Pendant plusieurs années, les autorités civiles et militaires ont organisées des cérémonies en souvenir des morts, au droit de la clairière des annamites.
Sur la photo, au milieu, le trait est la trace que laisse le canal, qui coupe en deux la forêt domaniale de Cazaux-Debat. Le pré, en bas le long de la route est celui où se trouvait le camp, avec juste au dessus (dans le prolongement du pré au dessus du mur), la clairière des annamites Photo les Amis de Cazaux-Debat, novembre 2011
Les tombes ont reçues des croix et des couronnes, entretenues par les personnes témoins des évènements.
Type de stèle proné par le ministère de la main d'oeuvre coloniale en cas de décés d'un ouvrier militaire vietnamien
Pendant que l'hécatombe se produisait, différents habitants, en particulier madame Rey, l'institutrice, ont prodigué des soins aux blessés, transportés les malades, faits ce qu'ils ont pu. Ensuite, les dames du villages, en particulier Madame Bégué, ont entretenu les tombes, tout en en interdisant l'accés aux enfants. Le lieu était maudit, a tel point que les enfants du village ne savaient pas avec exactitude où se trouvait le lieu de sépulture. C'est en interrogeant les plus anciens de la vallée et du village qu'il a été possible récement de définir avec précision le lieu de sépulture, permettant sa réhabilitation. Pour les habitants du village, en effet, la guerre a été cause de drame affectant directement leur famille : M. Bégué revient détruit de la guerre et décède avant la fin du conflit, M. Davezan est revenu mutilé, Pierre Ferras a été prisonnier de guerre, d'autres sont revenus blessés, sans compter les drames liés au conflit. De plus, la construction du canal a été cause d'un désastre économique pour le village (fermeture de la scierie) et d'un procés, perdu, avec le ministère de la guerre en lien avec ce fait. Le souvenir des annamites est associé à une époque maudite.

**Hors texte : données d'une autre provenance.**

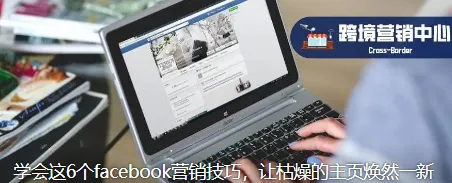 学会这6个facebook营销技巧，让枯燥的主页焕然一新
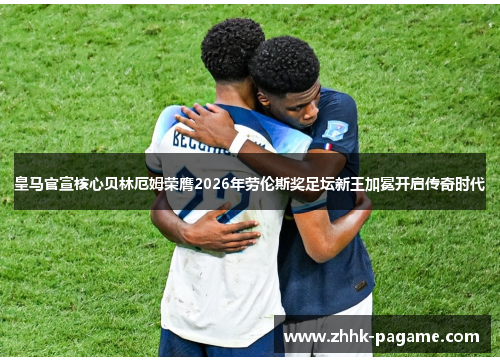 皇马官宣核心贝林厄姆荣膺2026年劳伦斯奖足坛新王加冕开启传奇时代 皇马官宣核心贝林厄姆荣膺2026年劳伦斯奖足坛新王加冕开启传奇时代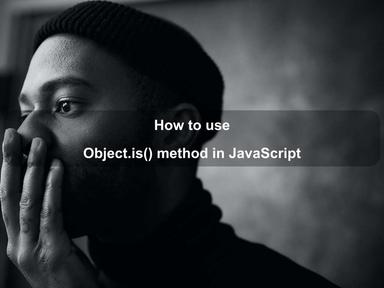 How to use Object.is() method in JavaScript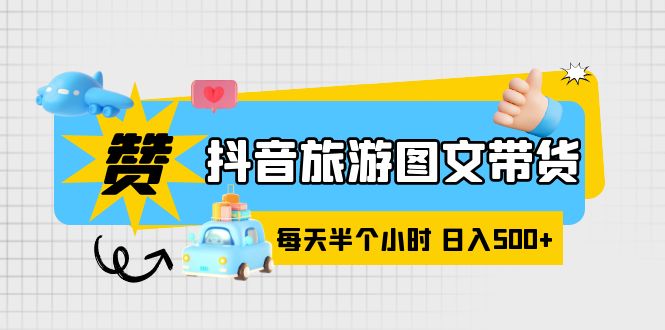 【5951】抖音旅游图文带货，零门槛，操作简单，每天半个小时，日入500+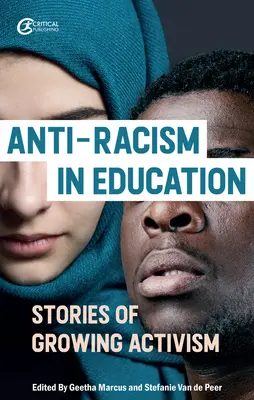 L'antirazzismo nell'educazione: Storie di attivismo crescente - Anti-Racism in Education: Stories of Growing Activism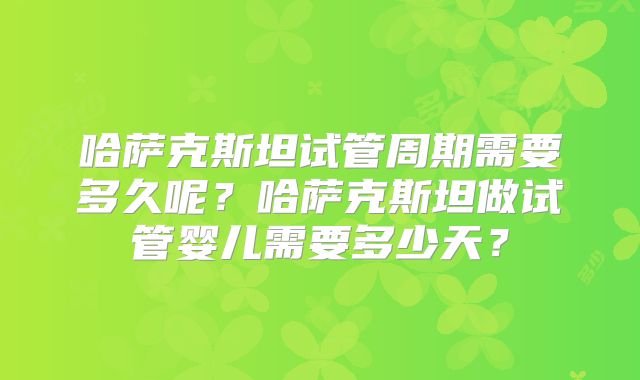 哈萨克斯坦试管周期需要多久呢？哈萨克斯坦做试管婴儿需要多少天？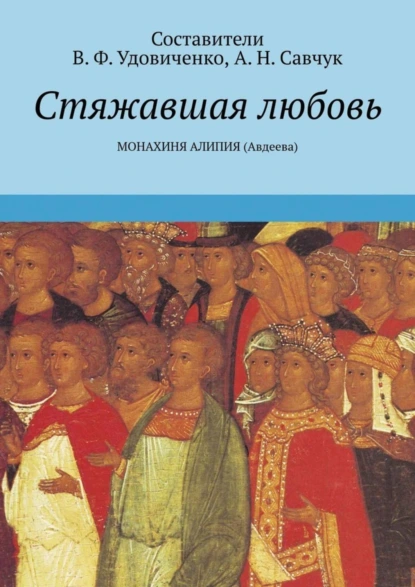 Обложка книги Стяжавшая любовь. Монахиня Алипия (Авдеева), В. Ф. Удовиченко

Personne ne sait quand les vietnamiens ont quitté le village : sans doute en novembre 1918, au moment où l'armistice a rendu moins urgente la construction du canal. Ils sont reparti par le port de Marseille, ville où la prison des Baumettes flanbant neuve accueilera leur fils en 1939, dans les mêms circonstances. Comme à l'allée, ils ont dû voyager à fond de cale. Peut-être d'autres décés ont-ils eu lieu. Beaucoup de ces travailleurs se sont fait voler ce qu'ils avaient gagné en France par les marins et les militaires qui les surveillaient.